I’ve been talking a lot about economic and market risks in Notes lately.
But there’s a potentially even larger risk that you’re completely ignoring today.
If you live, work, invest, own a business, bank or hold assets in a single country, you’re putting all of your eggs in one basket.
You’re making a very large bet that everything will be alright in that one country – forever.
It would only take one bout of political turmoil, a natural disaster or a tanking economy for you to potentially lose your money and your assets… maybe even your freedom.
And that’s why I regularly discuss the benefits of having a solid Plan B.
A Plan B is simply a personalized insurance policy that increases your freedom, protects your hard-won assets, helps you make money and ensures that you are in a position of strength no matter what happens (or doesn’t happen) next.
And having a second residency or, preferably, citizenship is a cornerstone of any successful Plan B.
There are a number of ways to get a second citizenship.
If you have ancestors from countries like Ireland or Italy, you potentially can get a second passport for free.

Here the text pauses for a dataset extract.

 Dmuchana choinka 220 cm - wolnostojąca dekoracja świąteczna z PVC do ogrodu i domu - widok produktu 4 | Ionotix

Or you can pay to get an economic passport from countries like St. Kitts of Malta. There are also countries where you can naturalize over a certain number of years and earn a passport.

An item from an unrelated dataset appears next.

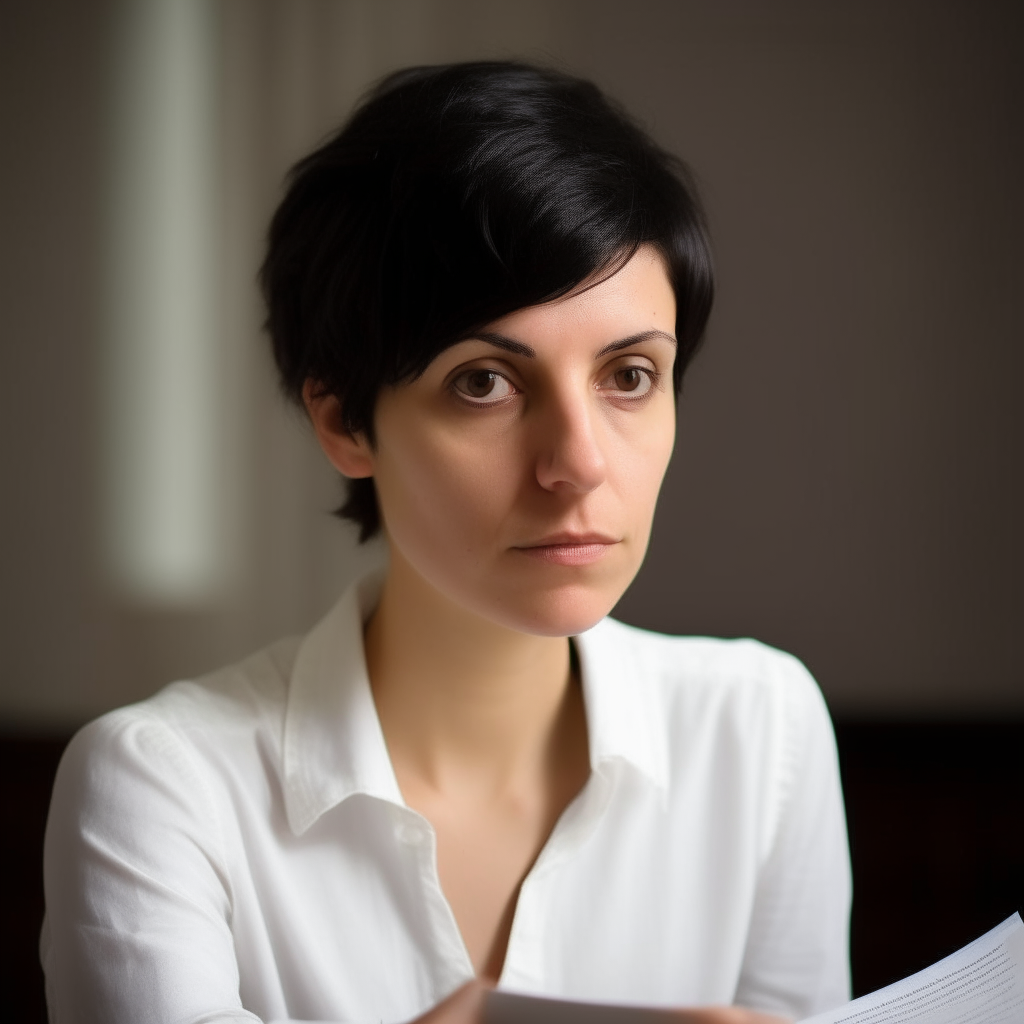 a portrait of a 30 year old French woman with short black hair and brown eyes. She wears a white blouse and has a cute but strict expression as she reviews paperwork. She works as an administration worker at the European Academy.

But, today I want to share another way to get a second passport…
In Sovereign Man: Confidential, our premium intelligence, we recently interviewed a young Pakistani couple who obtained Brazilian citizenship and passports for their entire family. They did so by having a baby in beautiful Florianópolis, on the country’s southeast coast.

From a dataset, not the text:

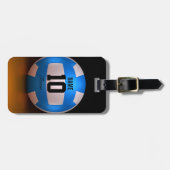 Étiquette À Bagage Volleyball bleu (Devant horizontal)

Right on the Atlantic Ocean, tourism is a huge industry for Florianópolis and greater Santa Catarina state. Government officials have an economic incentive to keep the region safe.
Brazil’s violent crime is largely concentrated in Rio de Janeiro and other cities. With a homicide rate of 12.9 per 100,000 people – about half of Rio’s rate – Santa Catarina state is one of the safest areas of Brazil, comparable to the island of Bermuda.
So, with less anxiety for your family’s safety, you can focus on Brazil’s great benefits.
When your child is born in Brazil, there are benefits for your newborn, all your older children and you and your spouse.
First, your child automatically gets Brazilian citizenship.
Second, your other children are immediately eligible for “residency of indefinite term” (i.e. permanent residency), which grants them the right to stay within Brazil indefinitely.
Once your older child has his or her residency card, those 10 years of age or younger at the time of receipt are eligible for provisional naturalization. Within six to nine months of applying for provisional naturalization, your child will receive Brazilian citizenship.
If your child is older than 10 when they receive their residency card, you can submit your child’s citizenship application after you become a Brazilian citizen.
(For comparison, in my adopted country of Chile, children not born there must wait until they are 14 years old to apply for Chilean citizenship… even if their parents gained residency when the child was one-year-old.)
And finally, immediately after your newborn’s birth, you and your spouse have the right to apply for a “residency of indefinite term,” which grants you both the right to stay, live and work within Brazil.
After securing residency, one year later you can apply for citizenship. You’ll need to pass a Portuguese language test, and then wait for a few months for the Brazilian government to process your citizenship application.
So, within two years of having a baby in Brazil, your entire family can have second passports in hand. Certain economic programs would charge hundreds of thousands of dollars for the same result.
Plus, a Brazilian passport is a solid travel document.
Brazilian citizens enjoy visa-free travel to 147 countries, including Europe’s Schengen area – the 26-country free trading and passport-free bloc – and the United Kingdom.
Brazilian citizenship comes with another benefit: membership in Mercosur – a free trading union of countries, which includes Argentina, Brazil, Paraguay and Uruguay.
Passport holders in these countries can also easily obtain residency and work permits in the other member countries.
Mercosur is not exactly the Schengen area of South America. Schengen is truly borderless. Mercosur’s walls are half way down, but not entirely. You still must apply for residency, work permits, etc. in the other countries. But, the processes are much easier for fellow Mercosur members than for the rest of the world.
Also, easy residency benefits apply to Associate members of Mercosur (Bolivia, Chile, Colombia, Ecuador, Guyana, Peru and Suriname).
At Sovereign Man, we often hesitate to issue superlatives.
But from our research, Brazil is THE BEST country to secure permanent residency and a second citizenship by having a baby.
Again, your citizenship isn’t instant. But, you won’t have to pay $140,000 or more for a second passport (the cost of Antigua & Barbuda’s citizenship by investment program for a couple and two children under 12; the cheapest in the Caribbean).
In my opinion, a second passport is one of the best, lifelong gifts you can give to your children. And they can then pass on this gift to their children and so on… all because of your planning and decisive action.